As they continued their trek along the coast they continued to survive by treating the costal Indians’ health problems in exchange for food. “All held full faith in our coming from heaven.” wrote Cabeza de Vaca. In reality there was little the survivors could do to heal anything more than headaches or wounds. Many Indians who came to them were blind from cataracts and others had incurable diseases. They believed the survivors could help them and were willing to pay for the service.
When the four survivors came to the Rio Grande, they inexplicably turned away from the direct southwesterly route to Pánuco and headed northwest roughly parallel to the river. They later turned west, crossing southern New Mexico and part of Arizona before turning south along the west coast of Mexico. Cabeza de Vaca wrote they turned away because the coastal Indians were hostile. Other travelers however reported encountering only peaceable Indians along the Gulf coast of south Texas and Mexico. They headed into very difficult desert terrain with fewer Indians for help and less food. Furthermore the change of route added years to their journey, and historians can only speculate on the reason for this illogical detour. Cabeza de Vaca later claimed the change of route was made in order to explore unknown lands in the Spanish realm. This makes little sense for four men who were in danger of starvation and had no defense against attack.

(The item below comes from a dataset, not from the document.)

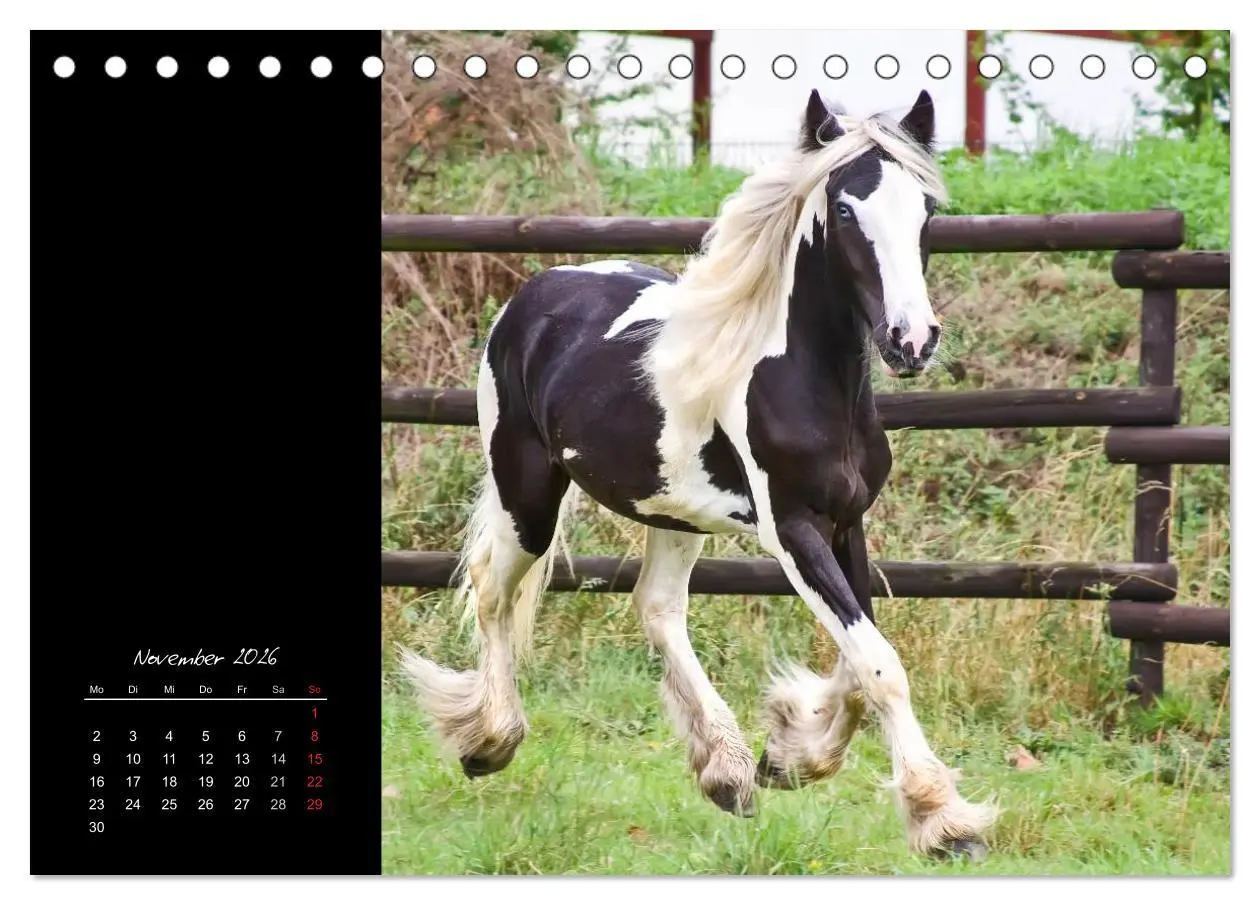 Bild: 9783516223101 | Irish Tinker (Tischkalender 2026 DIN A5 quer), CALVENDO Monatskalender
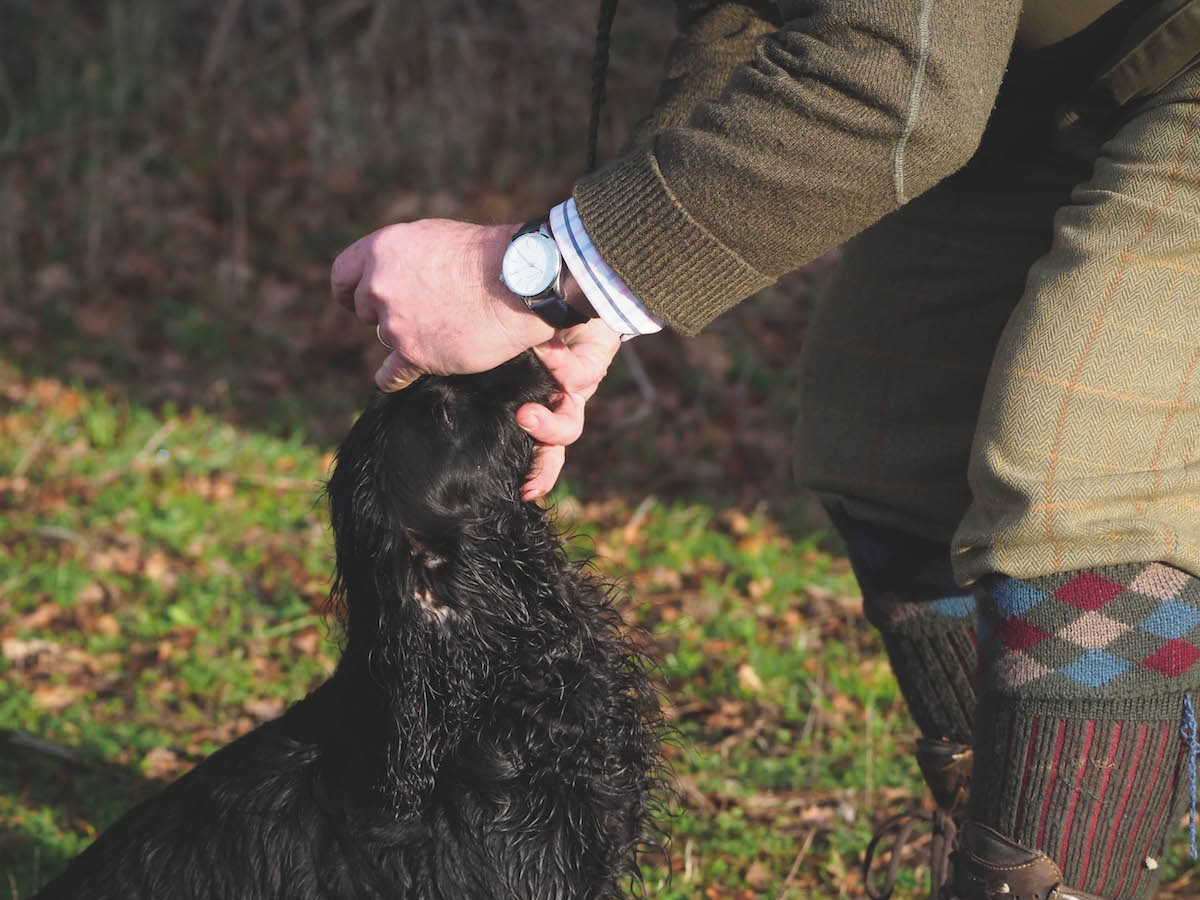 Dry eye in dogs - how to recognise it and how to treat it - Vimarsana News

The only one who might have benefitted from an extended journey was Esteban. He had become a skilled shaman and his reputation had spread. Coastal Indians held him in high esteem and encouraged his coming to their area. He had become an equal among the four wandering explorers, and they were dependent upon him for survival. Hence Esteban had an advantage by staying away from Mexico where he would again become a slave. He may have somehow persuaded the others to travel a northerly route home. Finally the four reached Mexico City in 1536.
Esteban and his owner stayed in Mexico. Esteban later guided an expedition back to New Mexico to try to determine the existence of the golden cities of Cibola (see blog dated 6/13/2015). Cabeza de Vaca returned to Spain in 1537 to report to the king on the eight year long expedition. His account also served as a petition to the King of Spain to both establish a permanent Christian mission and eventually establish the native tribes as a nation under the governance of Spain. Disgusted by the Spanish abuse of Indians, Cabeza de Vaca urged the king to establish a more lenient policy toward native tribes. He continued to be a strong advocate for the rights of Native Americas throughout his lifetime.
Cabeza de Vaca later returned to Mexico and served as Mexican territorial governor. In that time he was accused of corruption and sent back to Spain to stand trial. In 1552 he was convicted then pardoned, and became a judge in Seville, Spain until his death in 1557.
Cabeza de Vaca, Alvart Núñez. Naufragios (Shipwreck), ed. Juan Maura (Madrid: Cátedra, 2001 )
Cabeza de Vaca, Álvar Núñez. The Journey of Álvar Núñez Cabeza de Vaca and his companions from Florida to the Pacific 1528-1536. Translation of La Relacion, ed. Ad. F. Bandelier. New York, Allerton Book Co. 1904.
DeVoto, Bernard. The course of empire. New York: Houghton Mifflin Company. 1952.
Varnum, Robin. Álvar Nùnez Cabeza de Vaca: American trailblazer. Norman: University of Oklahoma Press. 2014.